In life it’s generally true that the less you know about something the better it sounds. That can be really dangerous from an investment perspective. When you're investing in technology businesses it's very easy to be bamboozled by the jargon and get excited about building the next big thing. As an investor, you've got to be disciplined and aware of what you don’t understand.

Jd

You never know what you’re getting

Investors want to believe that they’re going to be involved in the next Google, Facebook or ResMed but the reality is that most startups fail. As an investor you’re trying to pick that diamond in the rough.

The reality is that you never know the full story on day one because investing is complex. There's so many things at play - the entrepreneurs, the management team, the market. When a business raises money things are also going to change - hopefully for the better - but you never know until you've put your money in.

It’s important to try to mitigate this risk by doing good due diligence on the company, the product, the opportunity and the entrepreneur so you can go in with your eyes wide open. At a VC stage we typically do a SWOT (Strengths, Weaknesses, Opportunities & Threats) analysis and focus on the weaknesses and threats to really understand what needs to happen in the first 100 days. We then create a 100-day plan that addresses those weaknesses.

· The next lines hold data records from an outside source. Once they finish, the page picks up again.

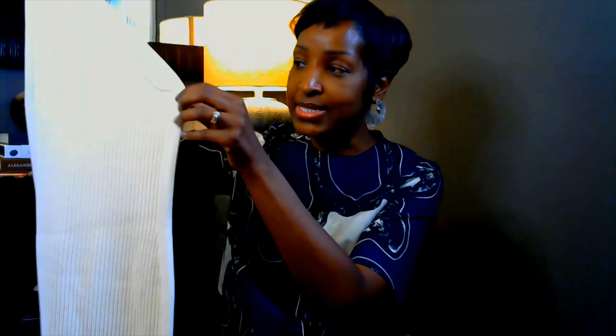Hey ladies, it's your girl V from V About Town and today I am back with a Theory and Helmut Lang sample sale haul. We're just going to jump right in because I don't believe in wasting anyone's time.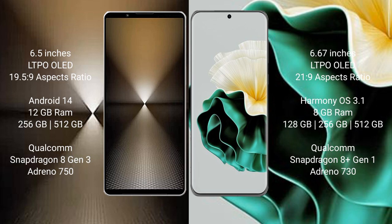The Sony Xperia 1 Mark 6 comes with a 6.5-inch LTPO OLED display and a 19.5:9 aspect ratio. The Huawei P60 features a 6.67-inch LTPO OLED display with a 21:9 aspect ratio.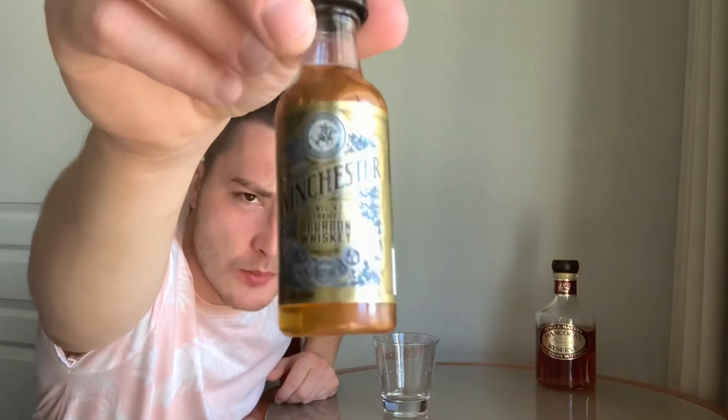Welcome to East Coast Elk Reviews. Today we have another whiskey review — this is Winchester Kentucky Straight Bourbon Whiskey, 45% alcohol by volume, 90 proof. I picked up this nip for two dollars. The side says aged a minimum of two years in new oak, produced and bottled by Ozzie Tyler Distillery, Owensboro, Kentucky, product of USA.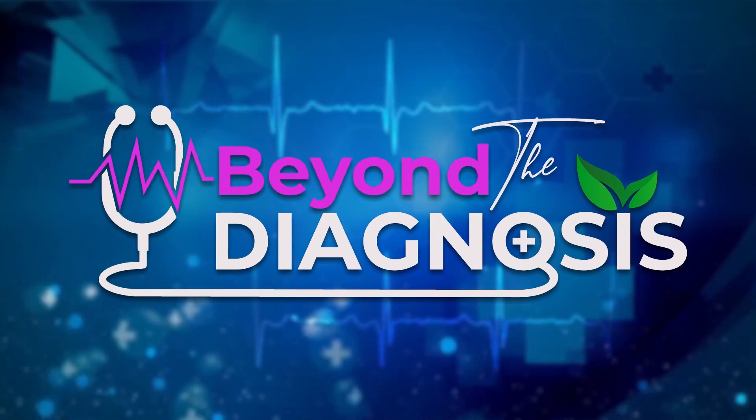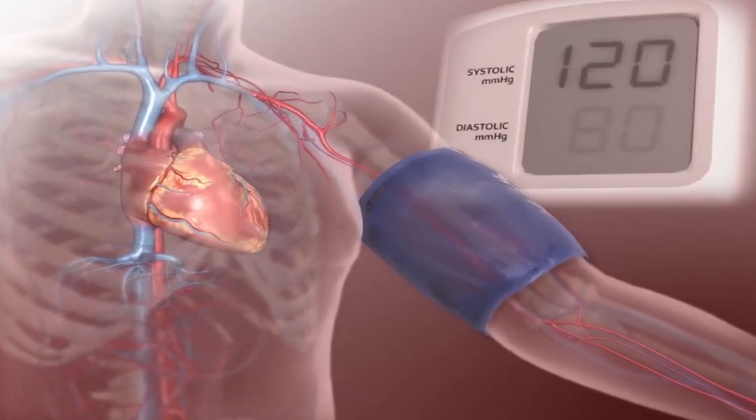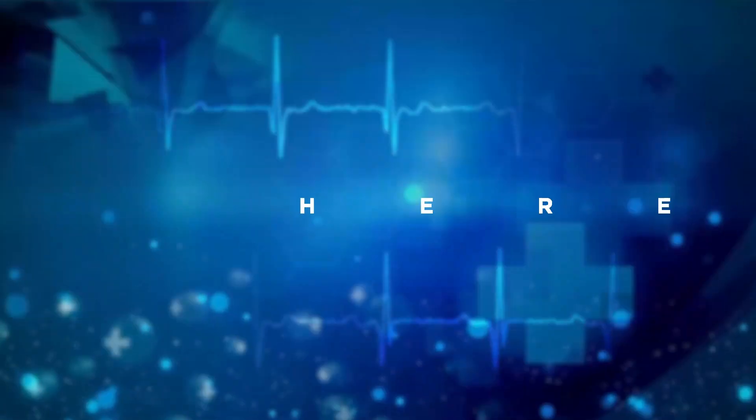Welcome to the Beyond the Diagnosis podcast. I'm your host, Dr. Kylie Burton. If you have been told that your blood work is normal, yet you feel awful, well, this is the place for you. Because whether you have a diagnosis or not, I'm going to teach you how to turn those normal labs into real answers, healing, and hope. So grab your blood work. Come join me. Here we go.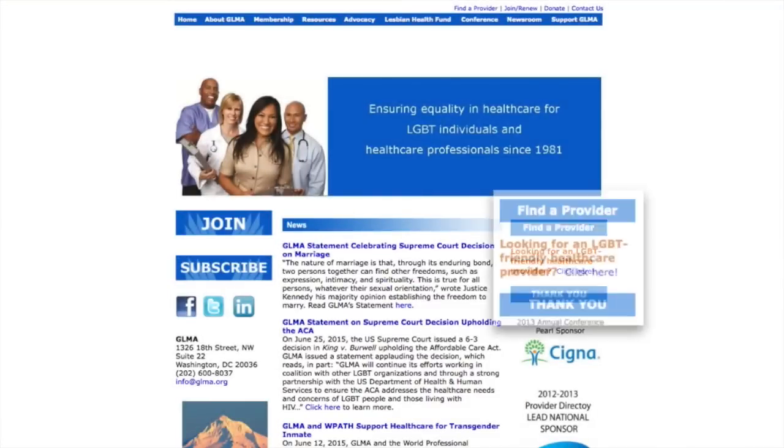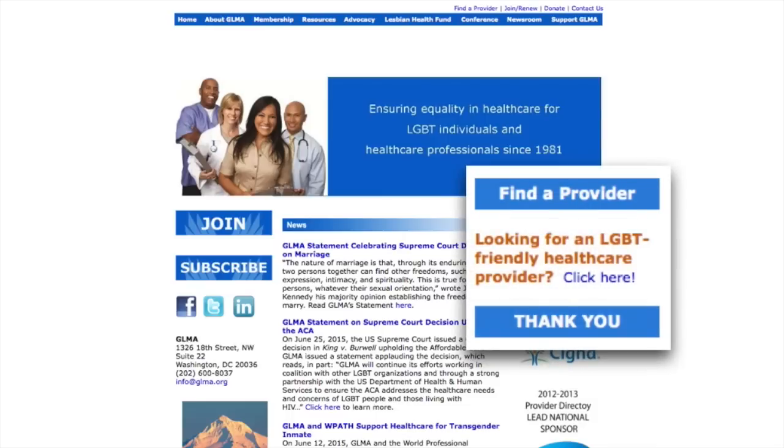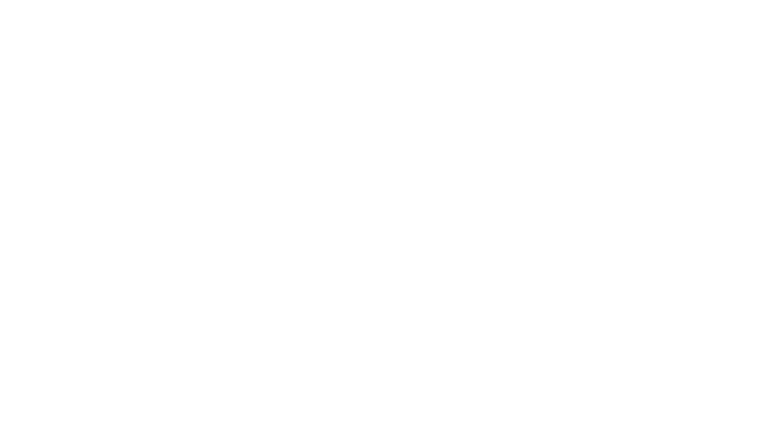On their main webpage, you'll find a link to the Find Provider webpage. Once you are at the Find a Provider page, you can click on the link to the Provider Directory. This will take you to a search engine that allows you to look for LGBT-friendly providers near you. If you know of an LGBT-friendly health care provider in your area, encourage them to register on the GLMA's Provider Directory.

While we like to think we're informed we still make mistakes. Investing is a bit like getting married. No one gets married expecting to get divorced yet 50% of marriages end. Things change, people change - you just can’t predict what's going to go wrong.

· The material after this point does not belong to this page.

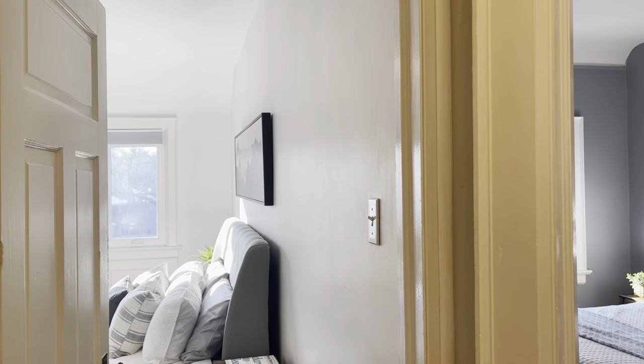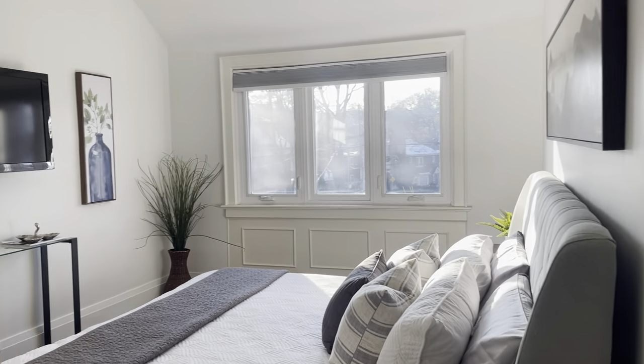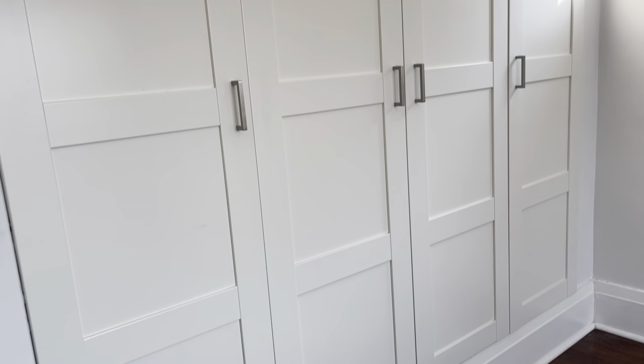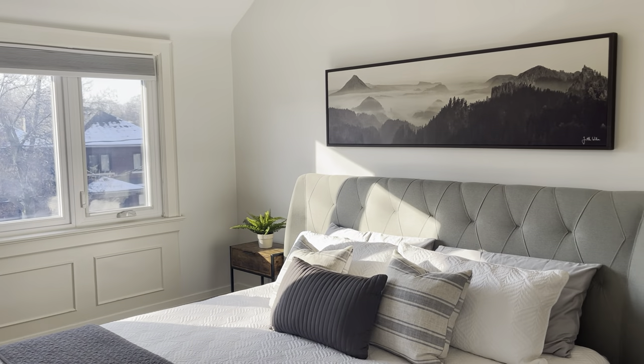Upstairs on the landing we'll find the four bedrooms. Let's have a look in the master first — a beautiful bright room with some really intelligent and good-looking built-in storage for the primary bedroom.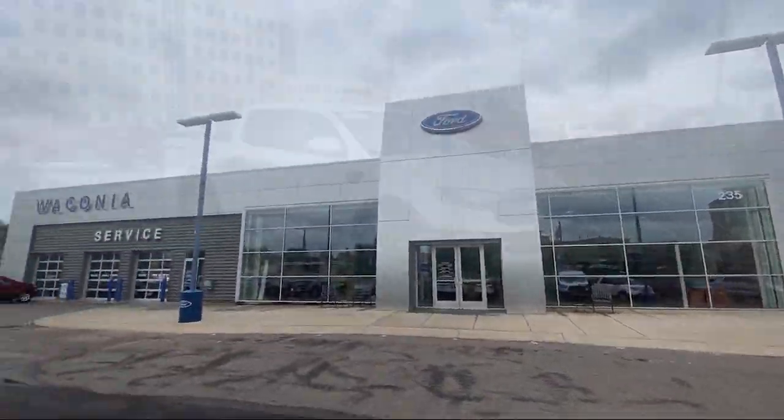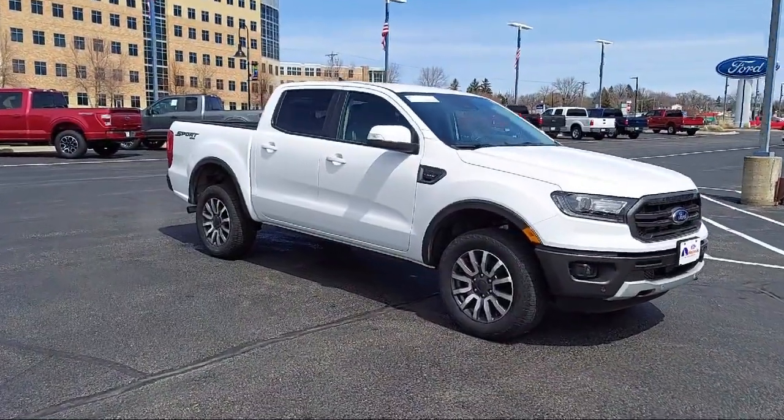Welcome to Waconia Ford, and here's a look at another one of our great vehicles from our inventory.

The reality is that you never know the full story on day one because investing is complex. There's so many things at play - the entrepreneurs, the management team, the market. When a business raises money things are also going to change - hopefully for the better - but you never know until you've put your money in.

Being informed doesn’t always prepare you for the worst or the best

To make a good investment you have to filter out the noise and look at the core value proposition. Understand what the market opportunity is, how hard it’s going to be to build the product, reach a critical mass and be successful.

One of the secrets to good investing is getting to know the entrepreneur - don’t make a split second decision based on one meeting. First impressions are important, but it's only after you make the investment that you really work out the calibre of the people that you’ve backed. It’s one of the reasons raising venture capital can take up to 12 months - it allows us to get to know the entrepreneur and for them to get to know the investors as well - it's a two-way relationship.

It's hard to appreciate the impact that one person can have on a business until you've actually seen it - both on the upside and the downside. For example, The Preston Group was struggling to get critical mass, so we recruited a new CEO who was experienced and had good judgment. He brought the team, the company and the stakeholders along on the journey and did a fantastic job - it was inspiring.

Peter Farrell at ResMed is another example. He’s an outgoing and charismatic guy who built a fantastic team of people who stayed loyal to him. That's one of the reasons that ResMed has been such a fantastic success and continues to be 20 years later.

Another thing to look at is the founding team's dynamics. This can kill a business but it can be really hard to understand until you’re right in the middle of it all. One investment we had went bad pretty quickly because the relationship between the two founders was poisonous. It embarrasses me that we hadn't worked out that these two people hated each other before we invested. When things got tough their relationship literally fell apart and eventually one of them had to leave.

Investors are biased towards the upside - if you focus too much on the downside you'd never make an investment. But when it comes to early stage angel investing there's no such thing as the perfect deal. You have to make an informed leap of faith - understand the upside and appreciate the downside and prepare to find plenty of surprises along the way.